Legislative Council - Fifty-Second Parliament, Second Session (52-2)
2012-09-05 Daily Xml

Contents

NATURAL RESOURCES COMMITTEE: BUSHFIRE TOUR 2012 CASE STUDY, MITCHAM HILLS

The Hon. G.A. KANDELAARS (16:18): I move:

That the report of the Natural Resources Committee on Bushfire Tour 2012 Case Study, Mitcham Hills on 17 February 2012, be noted.

An elderly man stands in front of his home wearing shorts and a polo shirt. He is holding an empty aluminium saucepan. Behind him is his home and behind that a wall of flames about to engulf it. Thick smoke obscures the sun. The man appears fortunate to be spotted and picked up by fire brigade district officer Thornthwaite as he speeds through the fire front in his four wheel drive vehicle. This is the scene that remains etched in my memory from watching a horrific video of raw footage from the Canberra 2003 fires.
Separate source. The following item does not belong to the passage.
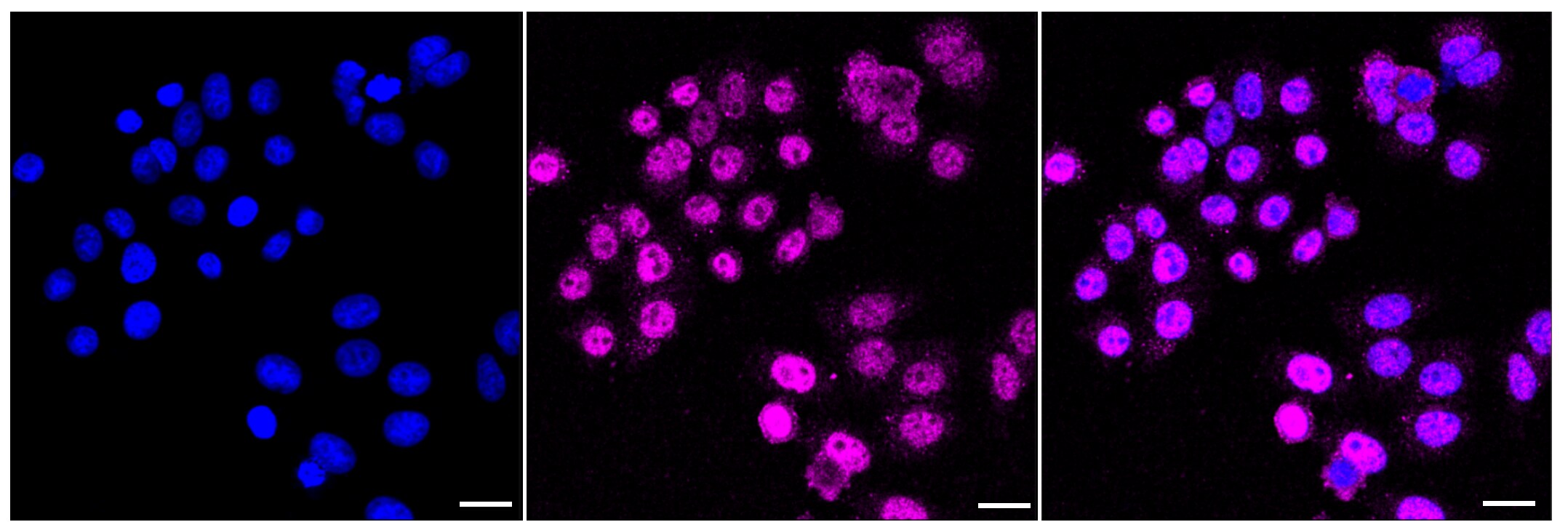 IKK epsilon/IKBKE Antibody (23GB2720)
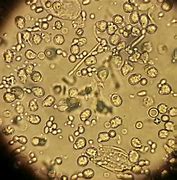 Image result for Urine Chlamydia Cells Under Microscope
The 45-minute video entitled 'Canberra Australia Firestorm 2003' is available on YouTube and was shot by Channel 9 newsman Richard Moran, riding with the ACT fire brigade district officer, Darrell Thornthwaite.

Members viewed this video as part of the Natural Resources Committee tour of the high bushfire risk area in the Adelaide Hills on 17 February 2012. It was a shocking wake-up call for all of us, even those members with experience in firefighting while serving as CFS volunteers. It brought home to us the reality of how unprepared people are for bushfires and how easily an emergency response can be overrun and outmarched by a large fire on an extreme fire danger day. The death toll from the Canberra 2003 fires was four lives lost, and when you watch the video it is amazing that it was not much worse.

In South Australia we know how devastating bushfires in urban areas can be. However, it is now nearly 30 years since the Ash Wednesday fires of 1983. Most of us have forgotten what happened and many of us were not even around at the time. The committee heard from the CFS that most of the firefighters from that time have since retired. The current CFS volunteers are well trained and dedicated, but they do not have the experience of bushfires like Ash Wednesday.

The Belair CFS took us on a tour of the Mitcham Hills and Upper Sturt. We saw cars parked illegally in narrow streets, gutters overflowing with leaves, overgrown gardens, and cul de sac subdivisions surrounded by dense bushland that has not seen a bushfire since 1955. The lack of preparedness of residents in the Hills is exacerbated by the confusion about what to do when a fire siren is sounded; confusion about whether to go early or to stay and defend; confusion about safe areas; confusion about what school students should do; and a road network that will go into gridlock almost at the drop of a hat.

I come back to the issue about staying and defending. The issue that we saw is that in reality, from the video we were shown, the fire takes hold at such a rate that it is impossible for people to evacuate, if they decide to evacuate at the time the fire starts. It is actually very dangerous if they attempt to evacuate at that point. It is a really difficult issue to get across to people about the very nature of bushfires and the dangers they present when they are in full flight.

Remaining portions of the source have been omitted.